EXTRACTED MATERIAL: Begin
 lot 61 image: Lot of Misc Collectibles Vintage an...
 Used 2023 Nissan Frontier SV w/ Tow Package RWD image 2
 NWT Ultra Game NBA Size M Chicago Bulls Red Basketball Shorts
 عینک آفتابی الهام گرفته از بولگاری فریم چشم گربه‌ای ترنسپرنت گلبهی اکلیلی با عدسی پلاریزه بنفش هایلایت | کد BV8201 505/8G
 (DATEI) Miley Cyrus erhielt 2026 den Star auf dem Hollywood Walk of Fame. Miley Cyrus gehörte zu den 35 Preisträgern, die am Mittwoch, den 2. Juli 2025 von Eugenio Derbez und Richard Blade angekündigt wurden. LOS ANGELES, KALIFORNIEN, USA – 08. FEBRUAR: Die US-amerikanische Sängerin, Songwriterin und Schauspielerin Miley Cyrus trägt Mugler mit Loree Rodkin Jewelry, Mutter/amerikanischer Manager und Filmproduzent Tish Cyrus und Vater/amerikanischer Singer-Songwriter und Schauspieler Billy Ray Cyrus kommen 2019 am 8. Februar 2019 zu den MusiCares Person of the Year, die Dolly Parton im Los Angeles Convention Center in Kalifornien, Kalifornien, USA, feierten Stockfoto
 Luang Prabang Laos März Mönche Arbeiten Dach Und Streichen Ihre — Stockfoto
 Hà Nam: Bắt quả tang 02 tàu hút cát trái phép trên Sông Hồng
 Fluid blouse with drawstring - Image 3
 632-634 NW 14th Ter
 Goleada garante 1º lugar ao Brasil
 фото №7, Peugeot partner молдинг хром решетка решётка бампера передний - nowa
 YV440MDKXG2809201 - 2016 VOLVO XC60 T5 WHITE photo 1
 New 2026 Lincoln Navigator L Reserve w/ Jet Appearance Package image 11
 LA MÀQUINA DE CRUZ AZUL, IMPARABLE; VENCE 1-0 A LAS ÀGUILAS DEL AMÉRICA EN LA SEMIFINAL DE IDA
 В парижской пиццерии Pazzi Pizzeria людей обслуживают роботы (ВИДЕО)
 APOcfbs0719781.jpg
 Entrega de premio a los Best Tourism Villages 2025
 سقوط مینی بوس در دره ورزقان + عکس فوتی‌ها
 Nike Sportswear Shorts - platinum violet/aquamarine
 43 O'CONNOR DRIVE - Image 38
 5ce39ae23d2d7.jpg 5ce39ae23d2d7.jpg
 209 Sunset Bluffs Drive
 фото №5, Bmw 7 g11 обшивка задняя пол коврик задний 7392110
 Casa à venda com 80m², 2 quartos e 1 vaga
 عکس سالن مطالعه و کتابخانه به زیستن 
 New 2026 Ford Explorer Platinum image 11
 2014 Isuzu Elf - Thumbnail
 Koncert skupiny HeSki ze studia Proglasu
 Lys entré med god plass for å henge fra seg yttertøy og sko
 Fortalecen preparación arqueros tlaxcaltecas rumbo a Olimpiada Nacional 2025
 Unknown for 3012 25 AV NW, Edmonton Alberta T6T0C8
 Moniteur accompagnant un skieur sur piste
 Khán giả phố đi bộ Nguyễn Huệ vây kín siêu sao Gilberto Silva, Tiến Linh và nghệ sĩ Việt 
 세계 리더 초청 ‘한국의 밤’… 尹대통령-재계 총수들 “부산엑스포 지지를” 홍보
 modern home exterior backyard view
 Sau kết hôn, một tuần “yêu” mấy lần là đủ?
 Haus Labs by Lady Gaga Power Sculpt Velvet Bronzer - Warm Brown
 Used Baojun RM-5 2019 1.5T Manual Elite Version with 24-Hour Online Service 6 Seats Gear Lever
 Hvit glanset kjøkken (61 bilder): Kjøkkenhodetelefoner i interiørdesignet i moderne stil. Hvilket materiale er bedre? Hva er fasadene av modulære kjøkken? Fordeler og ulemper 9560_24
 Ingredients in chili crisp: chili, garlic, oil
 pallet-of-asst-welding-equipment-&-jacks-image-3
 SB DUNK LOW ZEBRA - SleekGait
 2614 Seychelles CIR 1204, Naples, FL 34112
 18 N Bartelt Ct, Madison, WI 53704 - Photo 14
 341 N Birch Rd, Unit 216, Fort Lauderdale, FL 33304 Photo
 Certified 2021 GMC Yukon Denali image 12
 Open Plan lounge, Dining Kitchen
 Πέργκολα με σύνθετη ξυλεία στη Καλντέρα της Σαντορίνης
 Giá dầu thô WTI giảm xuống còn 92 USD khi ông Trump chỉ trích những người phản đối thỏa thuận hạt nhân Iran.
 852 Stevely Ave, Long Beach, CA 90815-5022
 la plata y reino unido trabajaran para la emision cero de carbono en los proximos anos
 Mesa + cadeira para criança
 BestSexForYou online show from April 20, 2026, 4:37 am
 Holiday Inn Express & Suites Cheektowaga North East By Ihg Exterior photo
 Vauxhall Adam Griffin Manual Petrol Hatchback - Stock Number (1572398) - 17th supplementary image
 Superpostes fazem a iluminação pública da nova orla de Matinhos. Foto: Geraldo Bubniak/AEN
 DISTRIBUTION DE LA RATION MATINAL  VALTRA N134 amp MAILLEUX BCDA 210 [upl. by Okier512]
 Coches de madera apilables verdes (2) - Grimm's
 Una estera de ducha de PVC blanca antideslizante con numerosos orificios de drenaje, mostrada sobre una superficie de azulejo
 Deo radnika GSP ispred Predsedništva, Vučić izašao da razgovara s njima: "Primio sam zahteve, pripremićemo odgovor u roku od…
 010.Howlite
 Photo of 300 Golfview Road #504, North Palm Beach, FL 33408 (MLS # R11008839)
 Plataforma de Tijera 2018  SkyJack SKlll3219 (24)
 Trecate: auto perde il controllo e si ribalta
EXTRACTED MATERIAL: End
● TASK STATEMENT: Write out the lines above exactly, but only from the one containing "Πέργκολα με σύνθετη" through the last one.

● RESPONSE TO THE TASK:
 Πέργκολα με σύνθετη ξυλεία στη Καλντέρα της Σαντορίνης
 Giá dầu thô WTI giảm xuống còn 92 USD khi ông Trump chỉ trích những người phản đối thỏa thuận hạt nhân Iran.
 852 Stevely Ave, Long Beach, CA 90815-5022
 la plata y reino unido trabajaran para la emision cero de carbono en los proximos anos
 Mesa + cadeira para criança
 BestSexForYou online show from April 20, 2026, 4:37 am
 Holiday Inn Express & Suites Cheektowaga North East By Ihg Exterior photo
 Vauxhall Adam Griffin Manual Petrol Hatchback - Stock Number (1572398) - 17th supplementary image
 Superpostes fazem a iluminação pública da nova orla de Matinhos. Foto: Geraldo Bubniak/AEN
 DISTRIBUTION DE LA RATION MATINAL  VALTRA N134 amp MAILLEUX BCDA 210 [upl. by Okier512]
 Coches de madera apilables verdes (2) - Grimm's
 Una estera de ducha de PVC blanca antideslizante con numerosos orificios de drenaje, mostrada sobre una superficie de azulejo
 Deo radnika GSP ispred Predsedništva, Vučić izašao da razgovara s njima: "Primio sam zahteve, pripremićemo odgovor u roku od…
 010.Howlite
 Photo of 300 Golfview Road #504, North Palm Beach, FL 33408 (MLS # R11008839)
 Plataforma de Tijera 2018  SkyJack SKlll3219 (24)
 Trecate: auto perde il controllo e si ribalta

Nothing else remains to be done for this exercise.